Pero lo peor de todo, sin duda, es el tema innombrable, el tabú que en ningún caso debe ser cuestionado, pero cuya validez comienza a percibirse oscuramente como problemática. Y se trata quizás del gran problema de fondo: el problema de si es viable el ideal europeo de la estricta sociedad multicultural, integradora de todo tipo de creencias vividas a título particular. ¿Es integrable realmente el islam? ¿Cabe suponer que un rápido aumento del porcentaje de población alemana con un fondo cultural islámico podrá asumirse sin que peligre el orden constitucional y los valores y libertades occidentales? ¿O estamos entrando, más bien, en una dinámica destructora de ese orden y de esos valores y libertades? ¿Nos espera la sharía al término de este proceso? ¿O una libanización a largo plazo de Alemania?

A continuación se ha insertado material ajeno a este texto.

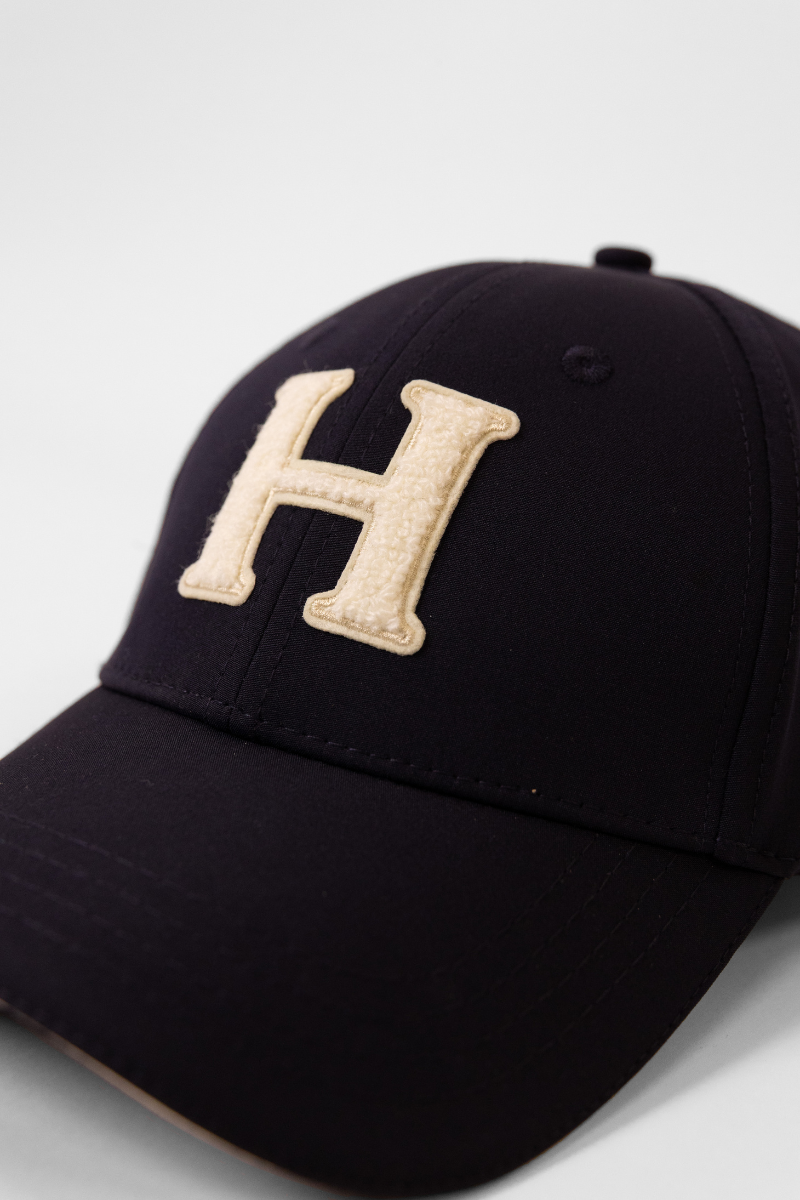 Harcour USA - Benedicte Cap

Hasta el momento, los partidos tradicionales han procurado ignorar los temores de sus votantes, insistiendo en el discurso políticamente correcto, y demonizando como racistas, xenófobos y hasta neonazis a todo el que se atreviera a exponer dudas, sobre todo relativas al tema innombrable. Pero la presión en la caldera alemana aumenta cada día. El próximo día 13 de marzo habrá elecciones regionales en tres Estados federados: Baden-Württemberg, Renania-Palatinado y Sajonia-Anhalt. Y en los tres parlamentos regionales se espera la irrupción del nuevo partido que se está convirtiendo cada vez más en el aglutinador del sector más temeroso de la población, la AfD. En Sajonia-Anhalt podría llegar incluso a convertirse en la tercera fuerza política, por encima del partido socialdemócrata. ¿Nos encontramos ya en los prolegómenos de un terremoto político? ¿O lograrán las fuerzas políticas convencionales salvar una vez más la situación? ¿Y por cuánto tiempo aún?
Mientras tanto, se acerca la primavera, se acerca el buen tiempo, y se acerca con él (¿inexorablemente?) la próxima gran oleada de inmigrantes por la ruta balcánica. Y los alemanes, cuyo estado de ánimo depende tanto del factor meteorológico, por primera vez comienzan a sentir añoranza de los grandes inviernos helados.